The question of Benji’s paternity hovers through the film as these two prickly loners gradually open up to each other, though it also never seems much of a question at all: Kaluuya and Murtagh treat it less as a driving narrative mystery than as a kind of obvious, unspoken connection, emerging as the characters learn the value of human interdependence. It makes for a poignant, slow-burning two-hander, beautifully performed by the leads in a gradually shared language of wary glances and telling sighs, while Robinson’s aloof, slouchy demeanor and Bannerman’s defensive swagger begin to reflect each other. The film’s dramatic conflict — beyond the faceless, armored cops swarming the action in multiple claustrophobic set pieces — is less well-drawn. Benji’s courting by volatile anti-authoritarian gang leader Staples (Hope Ikpoku Jr., riveting in an underdeveloped role) never quite builds to a satisfying tug-of-war for his soul, while a climactic Kitchen uprising against their tormentors is oddly rushed, even curtailed.

Even at its shakiest, however, “The Kitchen” gets by on the steam of its own fury, and on its tender depiction of a trampled underclass staving off defeat through small, everyday acts of care and empathy. It’s notable that even the “dangerous” crowd here thrives on its own gentle sense of community: Staples’ crew hijacks grocery vans to reallocate goods to the needy, and feeds its own with jovial pancake breakfasts.

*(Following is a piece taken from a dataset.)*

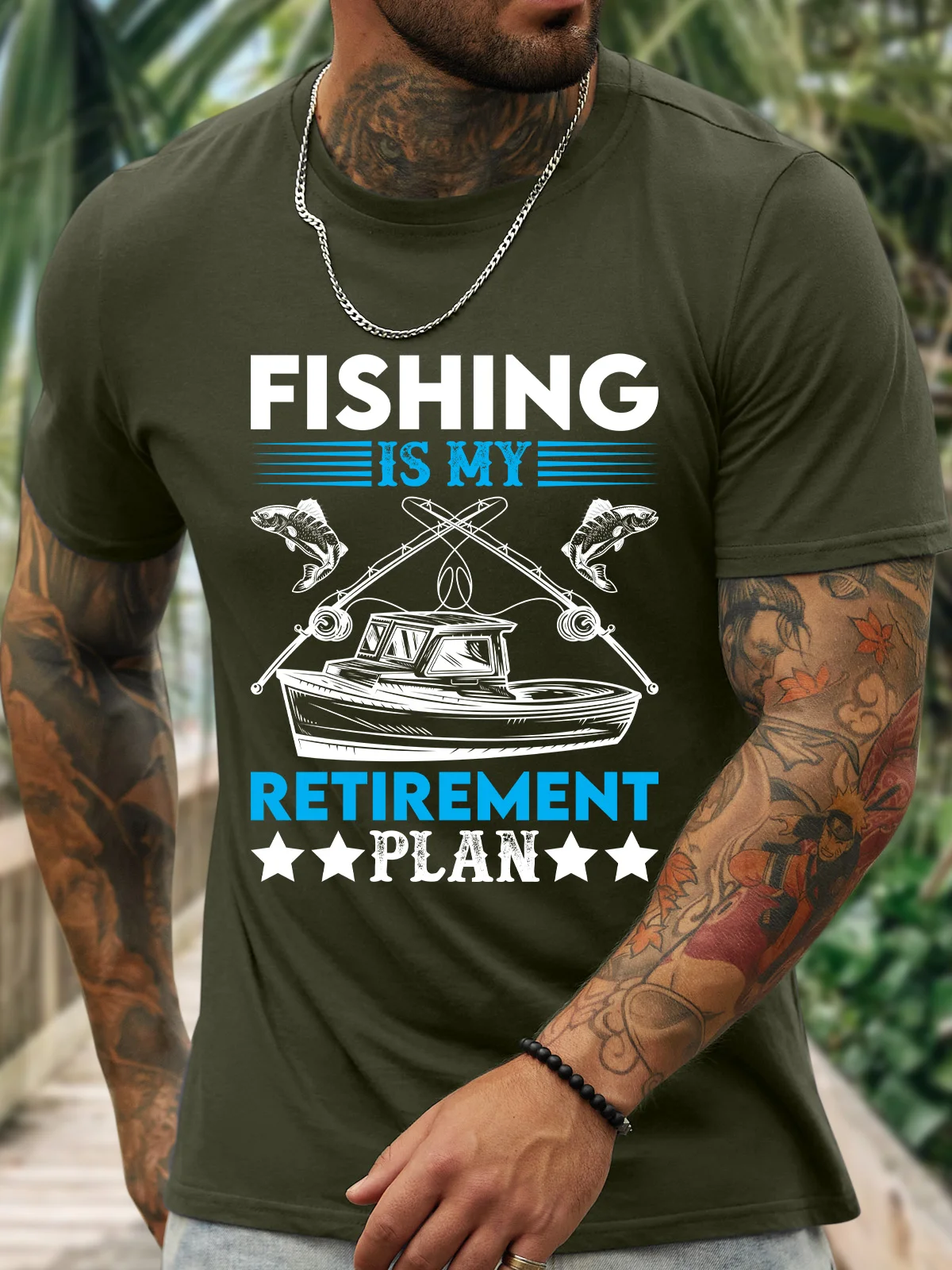 Lilicloth X Jessanjony Fishing Is My Retirement Plan Men's T-Shirt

The film’s bigger picture is never less than believable: Its CGI-assisted impression of a London contorted with luxury developments while the unhoused merely rot into the ground, taunted by surveillance drones, hits home. Tavares, an acclaimed shorts director whose architecture background is felt both visually and philosophically here, and Kaluuya steer proceedings with a seductive kineticism that masks a blunter, uglier punch. Everything on “The Kitchen’s” surface, from Wyatt Garfield’s athletic, coruscating lensing to Labrinth’s glassy, R&B-inflected score, is designed to make the future feel tangibly immediate, like it’s hurtling glossily towards us. Everything underneath urges us to resist.